→ Exercise details:
Reproduce all the records word for word. Omit images.

→ Data excerpts:
=== Begin Enclosure ===

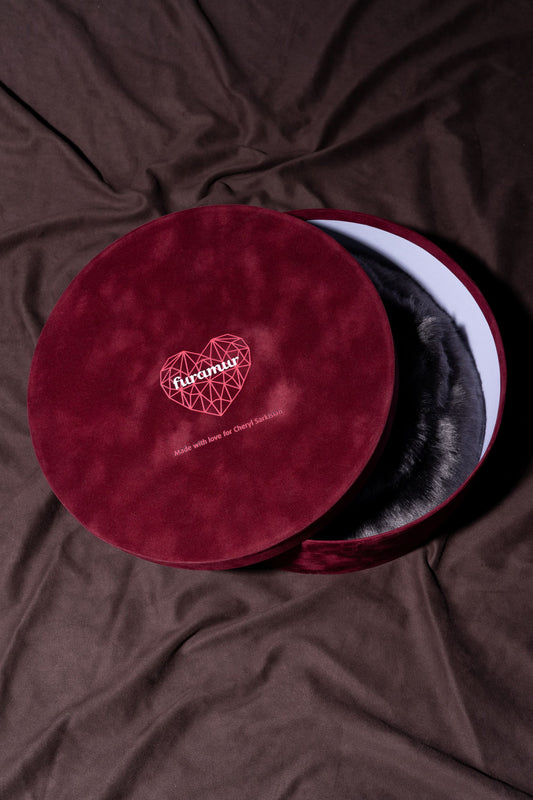 Personalized gift box for hats & scarves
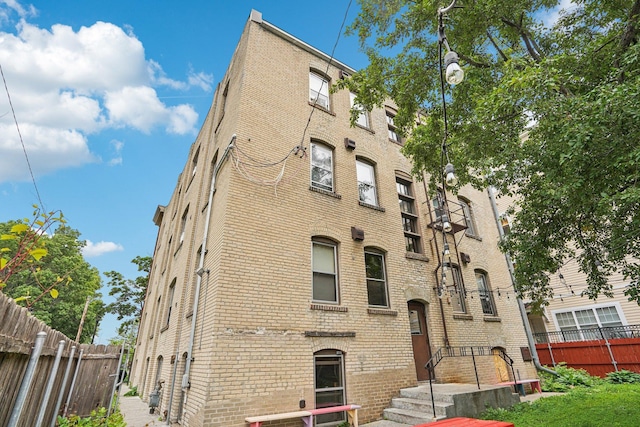 1718 Clinton Ave Unit 6, Minneapolis, MN 55404 - view of apartment building / complex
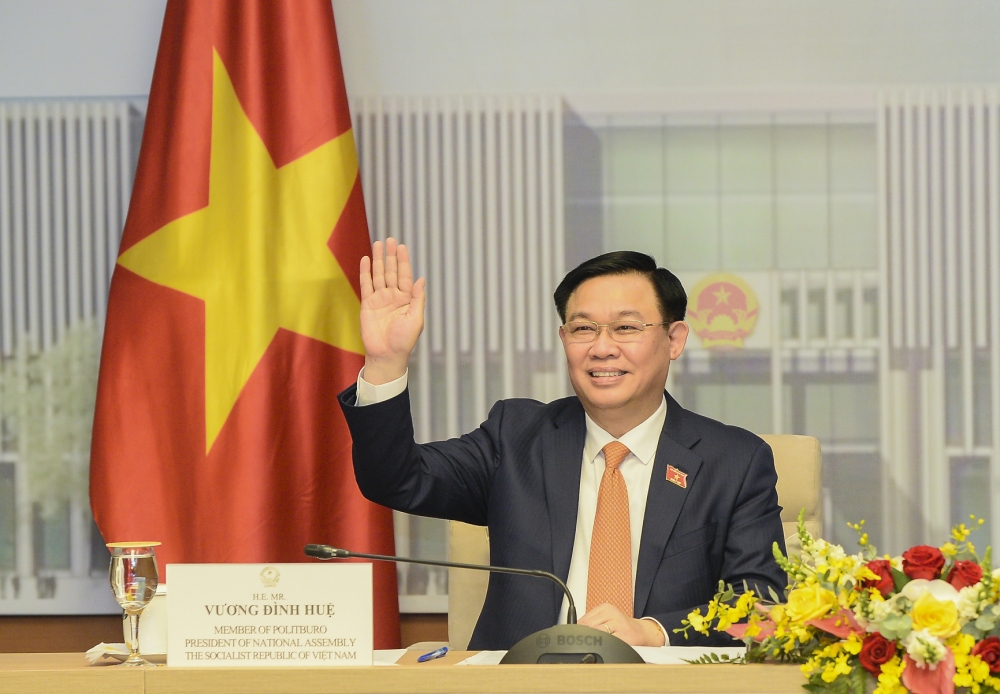 Vận dụng tư tưởng Hồ Chí Minh trong hoạt động lập pháp, góp phần xây dựng và hoàn thiện Nhà nước pháp quyền XHCN Việt Nam Vận dụng tư tưởng Hồ Chí Minh trong hoạt động lập pháp, góp phần xây dựng và hoàn thiện Nhà nước pháp quyền XHCN Việt Nam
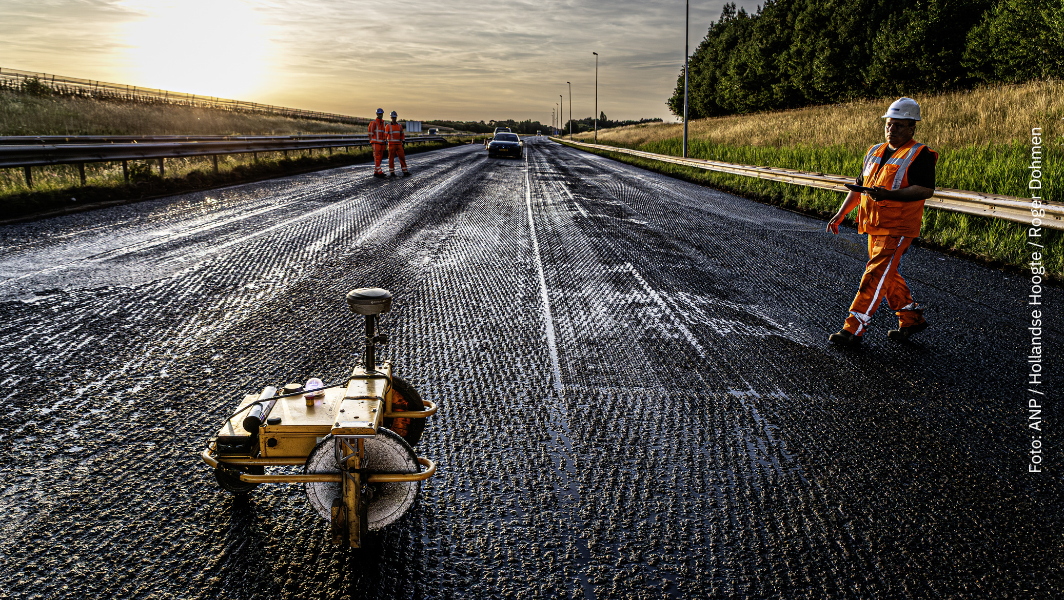 Een GPS robot berekent de lijnen die de asfalteermachine later moet volgen. De aanleg van een nieuw wegdek van de A76, dwars door het Heuvelland, tussen Simpelveld en Nuth.
foto ANP / Hollandse Hoogte / Roger Dohmen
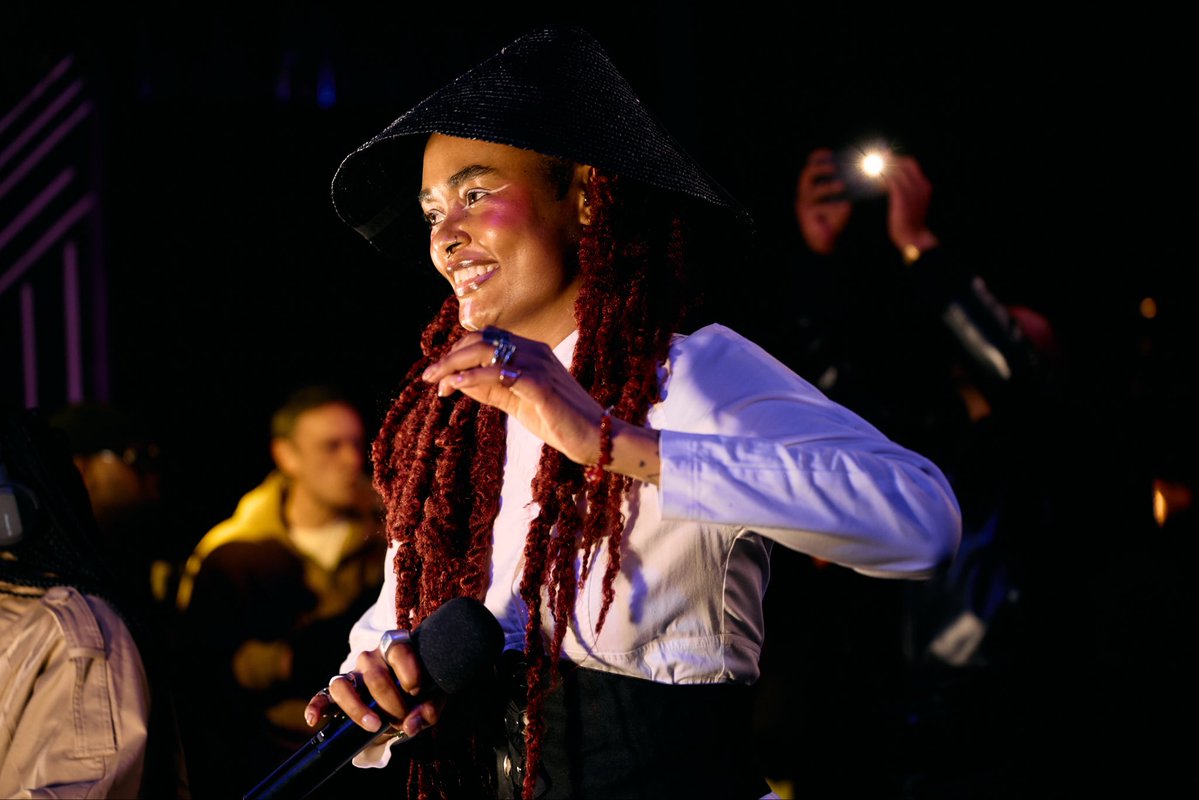 iam_sio's tweet photo. On stage with @DenieceMarz for @StayTrueSounds vol 2 at @TRUTHjhb! Thank to you everyone you made this happen! I had thee best time and MASSIVE love to everyone who sang with me!!! The joy you gave me is on my face🤍🫶🏼

Images by thevisuspace https://t.co/cHk09XXO9I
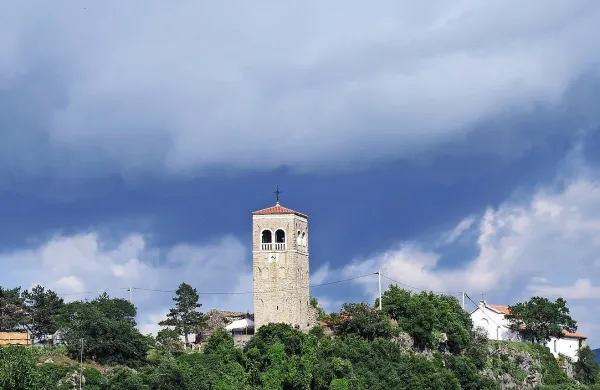 Danes bo oblačno in deževno, predvsem v zahodni in južni 
Sloveniji bodo nastajale tudi nevihte.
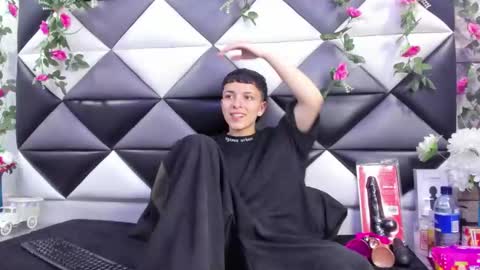 Snapshot of megan_thompsonn_ chatting on September 28, 2:06 am megan_thompsonn_ online show from September 28, 2:06 am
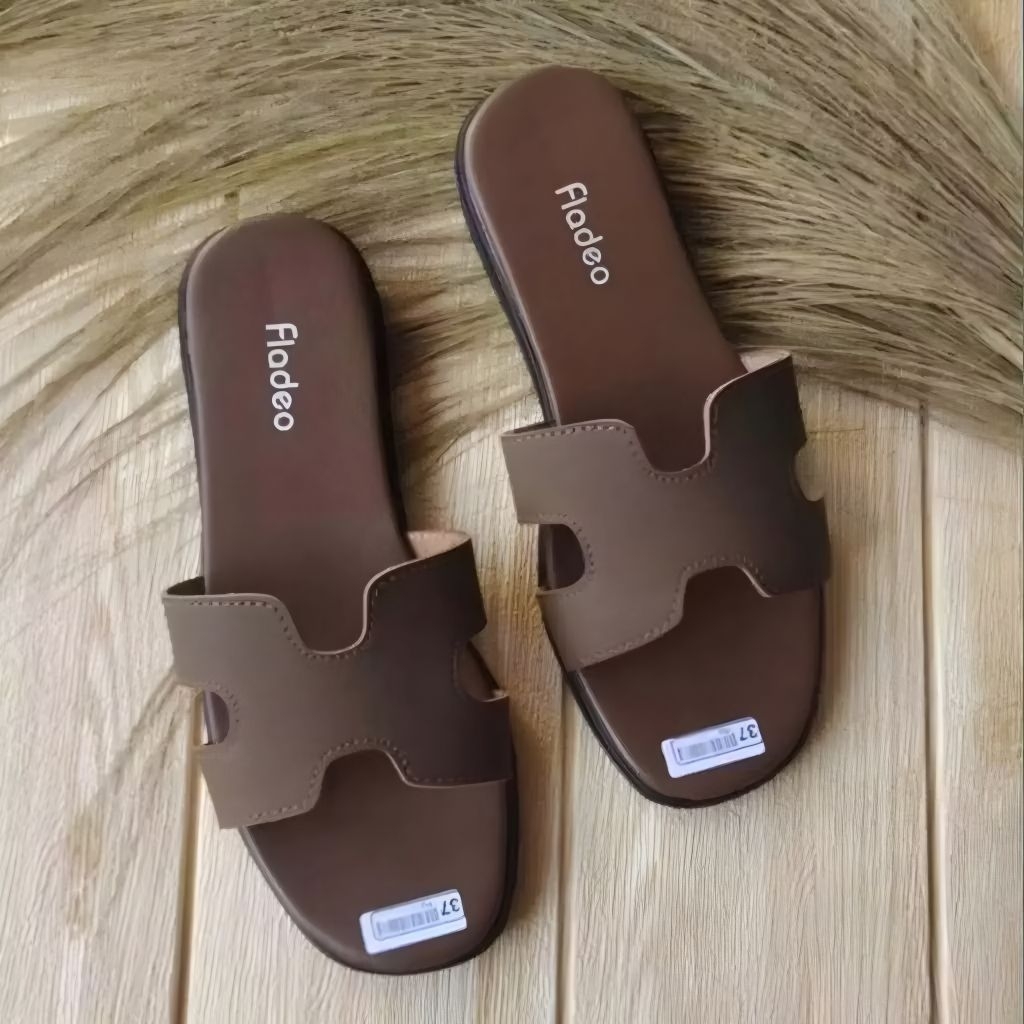 Sandal Slip-on Fladeo Wanita - foto 4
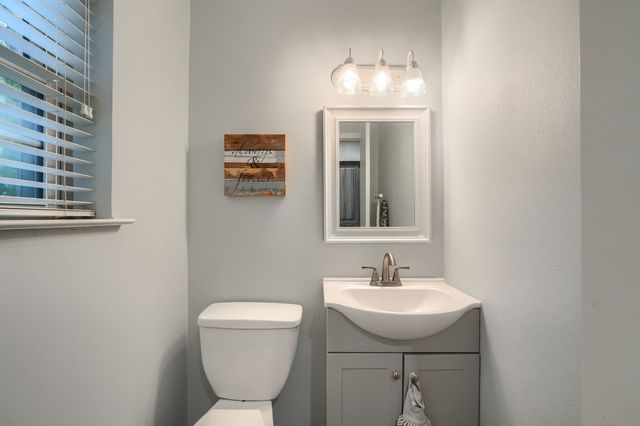 8226 Hunnicut Road, Dallas, TX 75228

=== End Enclosure ===

→ Answer to this task:
 Personalized gift box for hats & scarves
 1718 Clinton Ave Unit 6, Minneapolis, MN 55404 - view of apartment building / complex
 Vận dụng tư tưởng Hồ Chí Minh trong hoạt động lập pháp, góp phần xây dựng và hoàn thiện Nhà nước pháp quyền XHCN Việt Nam Vận dụng tư tưởng Hồ Chí Minh trong hoạt động lập pháp, góp phần xây dựng và hoàn thiện Nhà nước pháp quyền XHCN Việt Nam
 Een GPS robot berekent de lijnen die de asfalteermachine later moet volgen. De aanleg van een nieuw wegdek van de A76, dwars door het Heuvelland, tussen Simpelveld en Nuth.
foto ANP / Hollandse Hoogte / Roger Dohmen
 iam_sio's tweet photo. On stage with @DenieceMarz for @StayTrueSounds vol 2 at @TRUTHjhb! Thank to you everyone you made this happen! I had thee best time and MASSIVE love to everyone who sang with me!!! The joy you gave me is on my face🤍🫶🏼

Images by thevisuspace https://t.co/cHk09XXO9I
 Danes bo oblačno in deževno, predvsem v zahodni in južni 
Sloveniji bodo nastajale tudi nevihte.
 Snapshot of megan_thompsonn_ chatting on September 28, 2:06 am megan_thompsonn_ online show from September 28, 2:06 am
 Sandal Slip-on Fladeo Wanita - foto 4
 8226 Hunnicut Road, Dallas, TX 75228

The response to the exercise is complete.